而玉儿,才是真正搞不懂现在到底是什么情况!她不禁看了眼赵峰,一路以来,都是他在旁打点着一切,生怕走在前面的女子受了什么委屈,狗腿的样子,让玉儿背地里暗骂好多次。
说什么要娶小姐,根本不配!
待几人来到客栈歇脚时,一位身穿白衣的冷美人来到几人身边。
江天第一个反应过来,立马满脸笑意,迎了上去:“姐姐怎么在这儿?"
一身白衣,整个人虽然感觉轻轻冷冷,但长相貌美,也是倾城绝色的佳人,江天心中说不出的愉快,这不是白大哥的师姐,冷灵吗?
坐在一边的云沐,轻扫了眼冷灵,然后端起手上的热茶,优雅的抿了一小口。
低下头时,桃花眼微微一眯,心里赞叹,她还未见过如此面如寒冰的美人。
冷灵点了点头后,目光很快锁到坐在主位上的艳美女子身上,说道:“家师邀请各位明日午时来道观一聚。
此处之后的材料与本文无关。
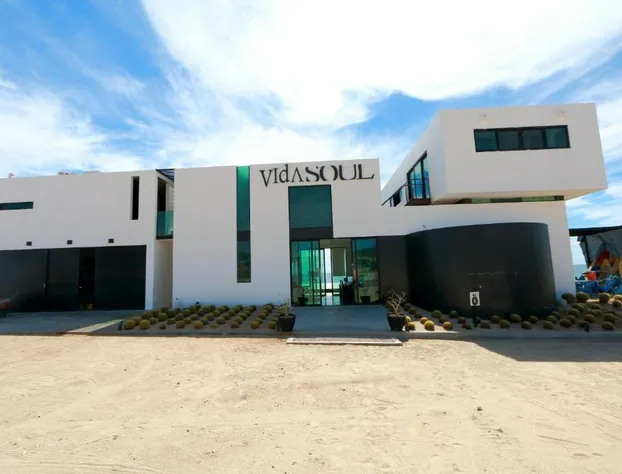 Vidasoul Hotel and Crossroads Country Club Restaurant hotel detail image 1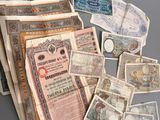 quelques vieux billets de banque sont posés sur une table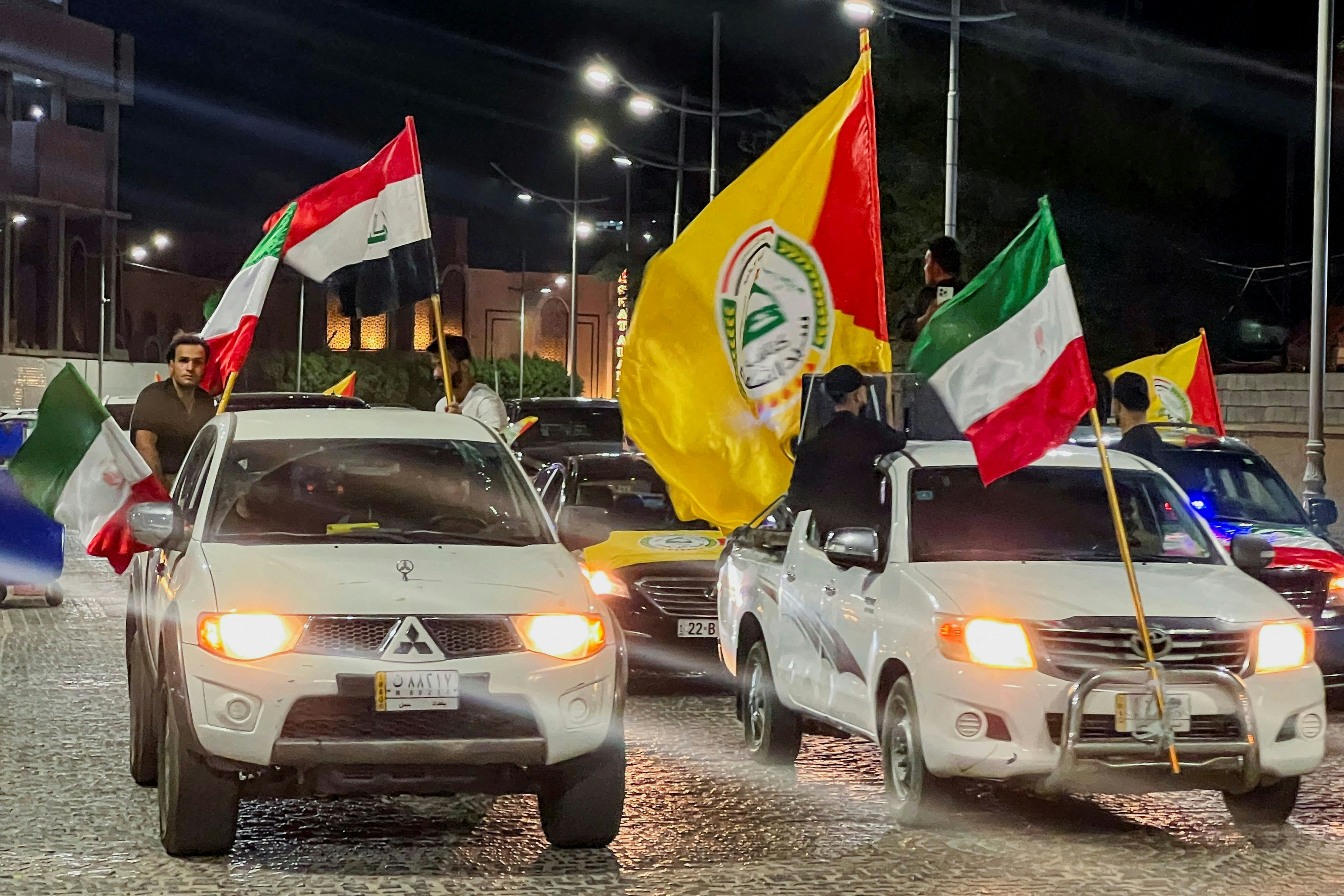 Anhänger der schiitischen Miliz Kataib Sayyid al-Shuhada feiern den Angriff des Iran auf den Straßen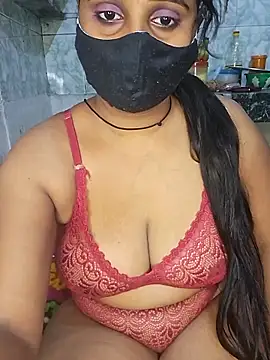 Minu love online show from 02-20-26, 06:21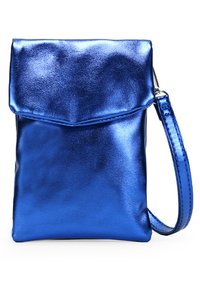 Bolso cruzado metálico azul con tapa plegable, textura suave y correa ajustable. Forma rectangular compacta con hardware mínimo.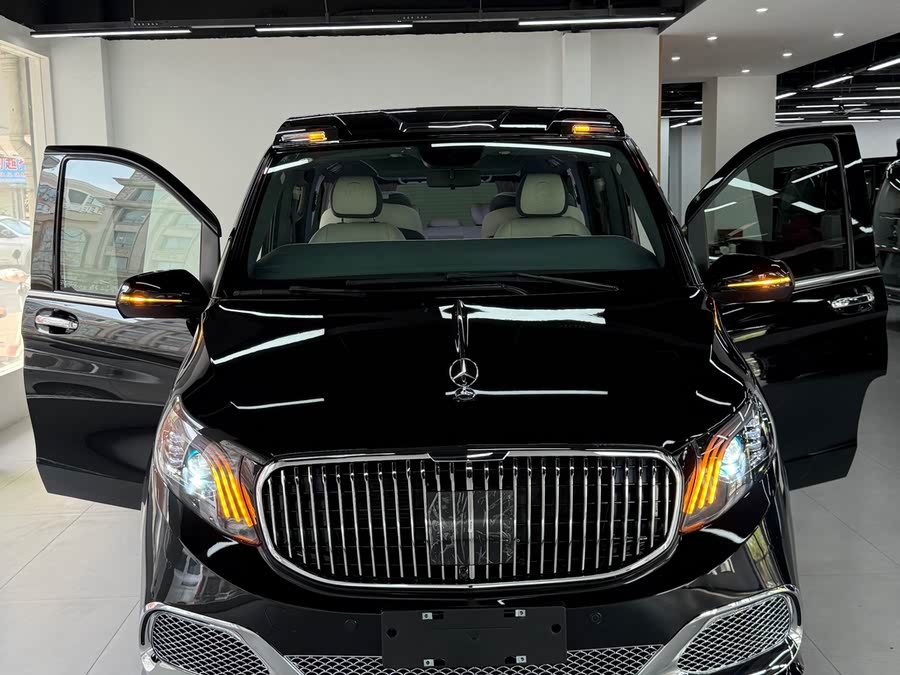 Discover undefined undefined Exterior Interior Images.Find all aspects and details of cars.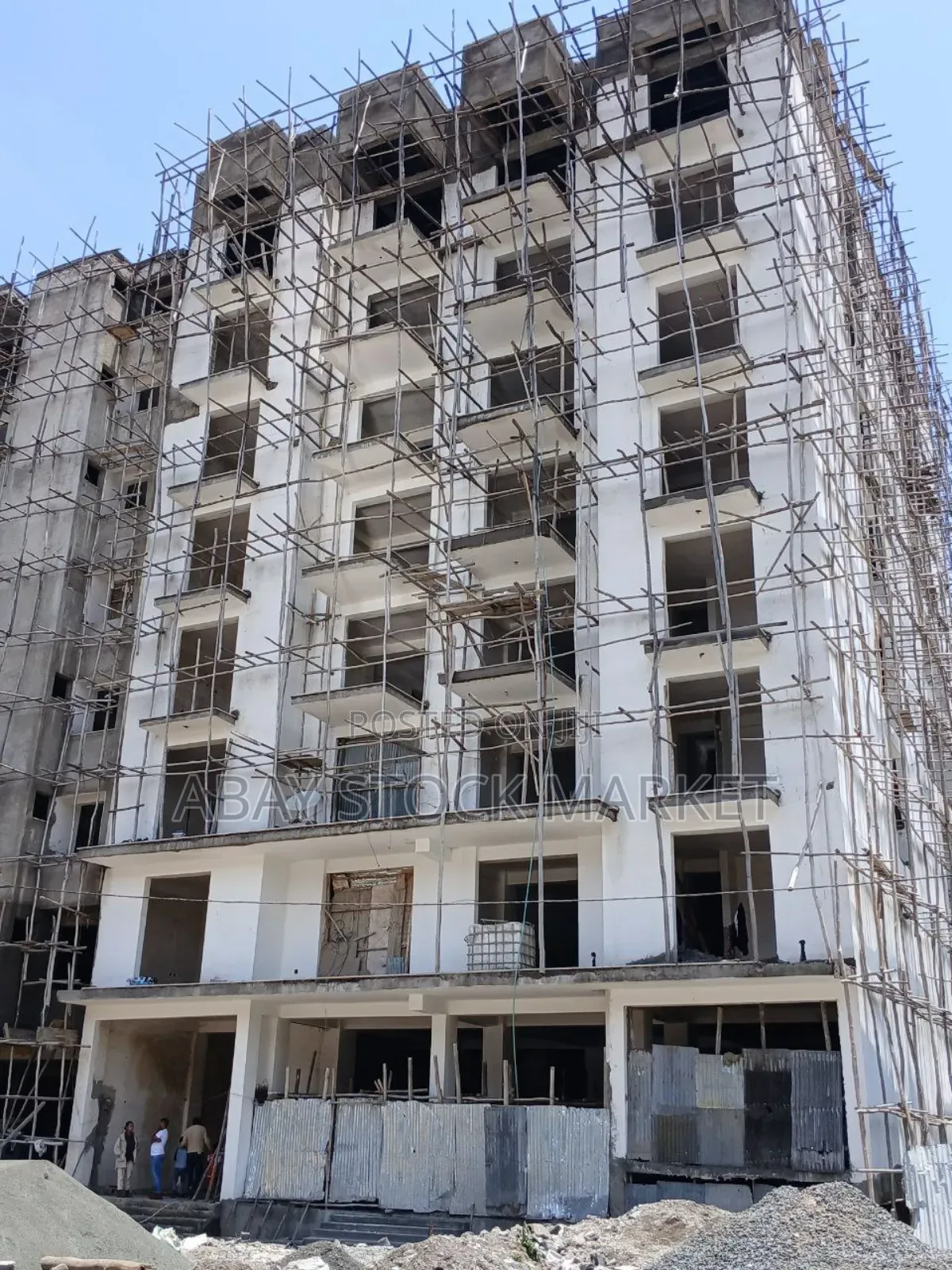 3bdrm Apartment in Yeka for sale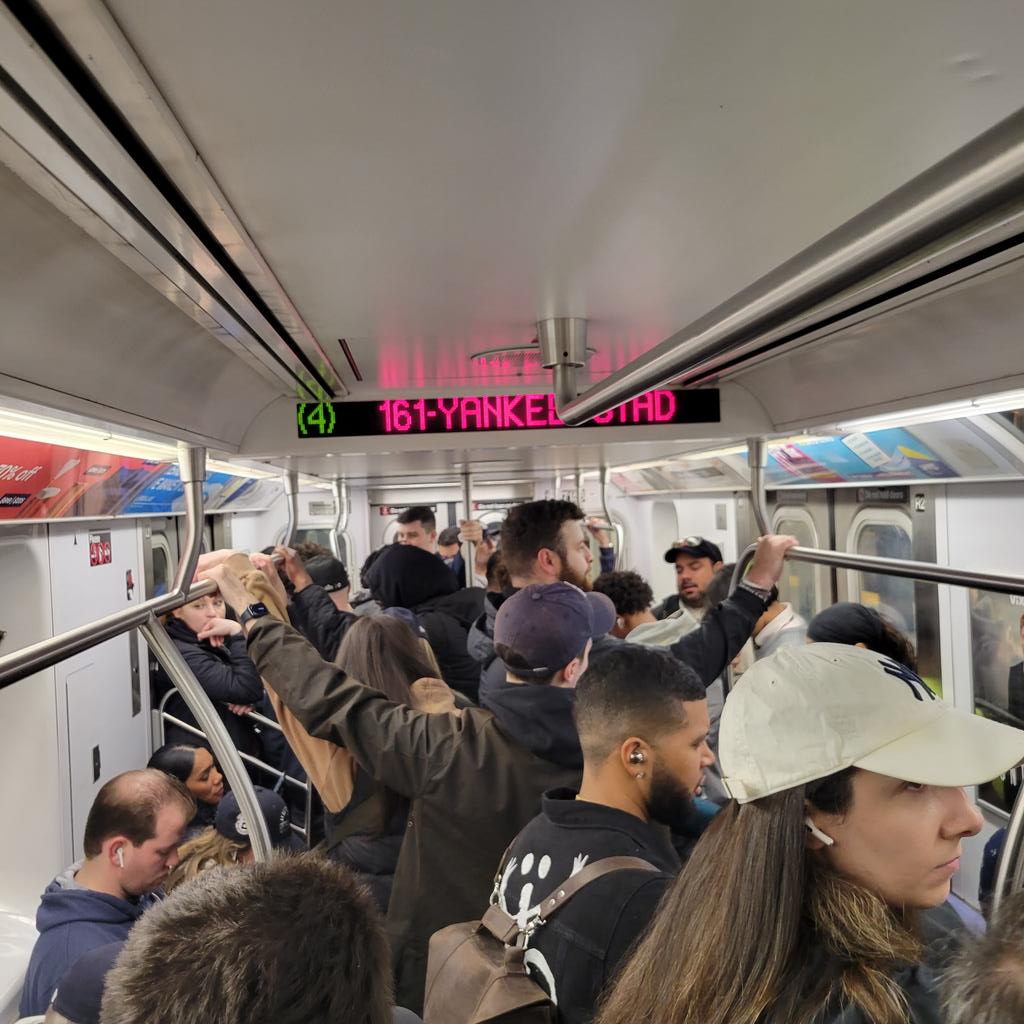 ferris316's tweet photo. YANKEE BASEBALL
#4TRAIN
#YANKEESTADIUM https://t.co/NwUX31qSJb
"
云沐嗤笑一声:“聚到不必了,只是,尊师劫走了江姑娘,怕这种行为,有失一代宗师的身份吧。"
冷灵打量着云沐,眸子越来越冷,道:“是救不是劫。"
气氛一下变得紧张起来。
赵峰见状,拱手一礼:“姑娘有所不知,漪妹与我是要赶着回白云城完婚,望尊师将人归还。"
对待女人,先礼后兵总该没错。
冷灵将目光从云沐身上收回,道:“我只是传话,并不负责谈判。"
说罢,飘然离去。
这几日,连夜从白云城赶到终南山,真得累乏了。
云沐嘴角一撇,好个鸿棠道人,这不是成心与朝廷做对吗!
……
绝壁崖,洞口前,团子躺在草地上晒着太阳。
百无聊赖之际,团子蹑手蹑脚的走到洞口,竖着耳朵听着洞内的声音,他很好奇,安安和那个小姐姐到底在说什么小秘密,还把他给赶了出来。
哼,都是坏人!
良久。
洞内,白寻安坐在江清漪对面,沉默不语,时不时抬头看一眼呆愣的某人。
就在她再次抬起头时,江清漪强打精神道:“我要回去。"
白寻安猛然站起来,问道:“这是场人为刀俎,我为鱼肉的圈套,你怎么还要回去!"
江清漪垂下头,平复了自己的心情后,淡然说道:“不管你说得是不是真得,这都是是降低风险的最佳选择。"
“你的选择,就是嫁给一个你不爱的人?"
“你怎么知道我不爱他?说不定他会倾尽全力护我周全。"
“我不想逼你认清事实,你拿着宝剑嫁给赵峰,这就意味着,武林降于朝廷,而你手里的店铺总会有合适的理由,全部归朝廷所管,你以为武林中的那些人会就此罢手吗?争夺,杀戮,我不清楚你父亲是否被朝廷利用,总之,我不同意,而且,你根本不喜欢他。"白寻安抱臂,冷冷的看着江清漪。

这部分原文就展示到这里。